This month, Genome Watch highlights new strategies for revealing the functions of uncharacterized genes through high-throughput sequencing coupled with phenotypic assays.
In the current post-genomic era, good-quality genome sequences are available for key model organisms and many important pathogens. Furthermore, as genome sequencing continues to become cheaper, draft genomes for thousands of other species are becoming available. This wealth of data has resulted in greater insight into many important issues, but there remains much that we do not understand about these genomes, as even in the most-well-studied organisms a large proportion of genes still lack functional characterization. Understanding the function of these genes is perhaps the most important step in making the most of this data deluge.
The field of functional genomics aims to tackle this problem on the genomic scale, and two recent articles in Genome Research show how genome sequencing can be used as an assay in functional genomics experiments. Thus, advances in high-throughput genome sequencing are not simply flooding us with many unanalysed genome sequences: they can also help us understand which genes are involved in different phenotypic traits. The approach used in the articles is what geneticists call a 'forward' approach: identifying the genes that are involved in a particular biological process, rather than focusing on an individual gene to determine its role in the cell. This approach lends itself particularly well to high-throughput methodologies.

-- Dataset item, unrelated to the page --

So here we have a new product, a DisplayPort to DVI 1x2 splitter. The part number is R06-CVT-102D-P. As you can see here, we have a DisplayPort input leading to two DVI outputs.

In the first article, the authors aimed to identify genes that are essential to the survival of Trypanosoma brucei, the causative agent of sleeping sickness, using an RNA interference approach followed by high-throughput sequencing1. They transfected trypanosomes with plasmids containing random fragments of the genome that were regulated by an inducible promoter. Subsequent induction of gene expression resulted in degradation of the native transcript through RNA interference. The pool of transfected trypanosomes was then grown for 20 generations. Those parasites that did not express sufficiently high levels of a gene that is required during growth did not survive and, thus, plasmids with inserts relating to essential genes were lost from the pool. The plasmids present in the parasites that grew were then subjected to high-throughput sequencing, and the sequencing reads were mapped back to the reference genome. Those genes that were not represented in the sequencing effort were considered essential for growth. The authors found that 25–37% of T. brucei genes were essential for optimal growth in any particular condition they examined, while a core 10% were essential in all conditions.

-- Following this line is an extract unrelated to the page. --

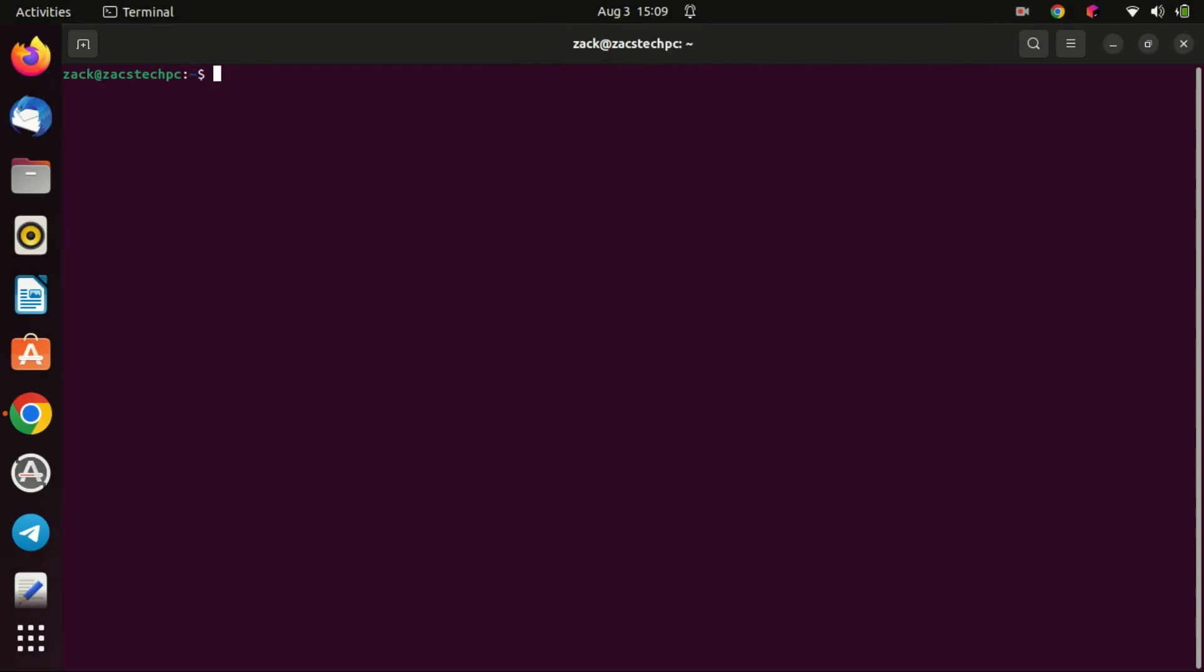Step 2: Install Arduino. Once the update is finished, we can start installing Arduino. Type the following command in your terminal window. Press enter and the system will start the installation process. This may take a few minutes.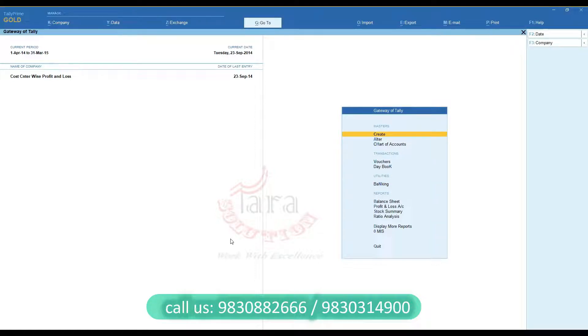Using this customization, you can see Cost Center-wise Profit and Loss and Cost Center-wise Balance Sheet reports.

In the second article, Parts et al. have updated a classic genetic technique using high-throughput sequencing2. Geneticists have long examined patterns of inheritance to understand the genetic basis of phenotypic traits. The genomic regions that are responsible for a particular trait can be identified on the basis of inheritance of genetic markers that are spaced throughout the genome; offspring that possess a parental trait will contain the associated marker, whereas offspring that do not have the trait will lack the marker. The use of genome sequencing rather than genetic markers allows the identification of specific genes that are responsible for the trait, rather than just a region of the genome that may contain multiple genes. Parts et al. generated a vast pool of offspring from a sexual cross between a heat-tolerant strain and a heat-sensitive strain of budding yeast. The pool of 10 million–100 million progeny, each with a novel combination of parental alleles, was then grown at 40 °C to select the offspring for heat tolerance. DNA was extracted from samples of the stressed pool of yeast at successive time points and subjected to high-throughput sequencing. The quantitative nature of high-throughput sequencing allowed changing allele frequencies in the population to be determined. Significant changes in allele frequency were observed at 21 loci, several times more than the number of loci that were previously identified using traditional linkage methods. These 21 loci included multiple members of the Ras–cyclic AMP signalling pathway, as well as genes that had not previously been implicated in the heat stress response.

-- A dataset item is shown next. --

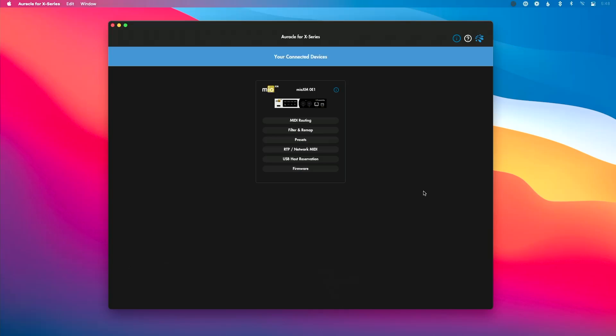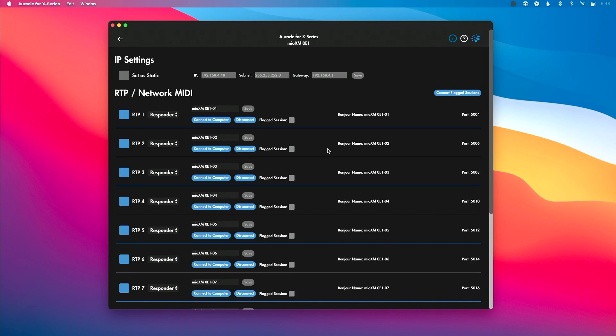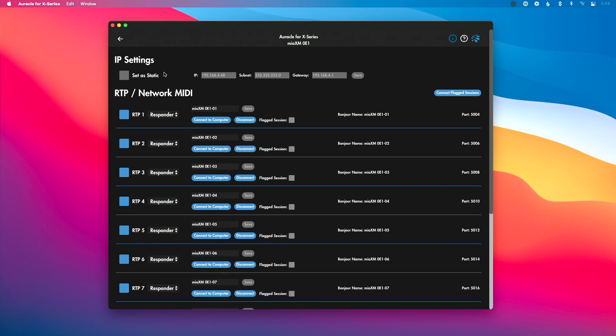Now with the Mio XM connected via ethernet, let's go to the RTP MIDI page. I'll click into RTP Network MIDI. The first thing I want to show you is that we can set a static IP address for our interface. By default, the interface uses DHCP to automatically assign an IP address matching your current network. But in a scenario like a VLAN at a venue or an install situation with sanctioned IP addresses for live performance, you can go to IP settings, set it as static, and manually type in your IP, subnet, and gateway, then hit save.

These protocols can be adapted to dissect the genetic basis of many traits, including different stress responses and resistance to various drugs, in these and other organisms. For instance, Parts et al. suggest that their method could be used to identify genes that are associated with lifespan by selecting for longer-lived yeast. As sequencing costs fall to within the reach of more and more researchers, we can look forward to the application of high-throughput genome sequencing as a functional genomics assay for many different traits in a wide variety of microorganisms.
Alsford, S. et al. High-throughput phenotyping using parallel sequencing of RNA interference targets in the African trypanosome. Genome Res. 1 Mar 2011 (doi:10.1101/gr.115089.110)
Parts, L. et al. Revealing the genetic structure of a trait by sequencing a population under selection. Genome Res. 21 Mar 2011 (doi:10.1101/gr.116731.110)
The author declares no competing financial interests.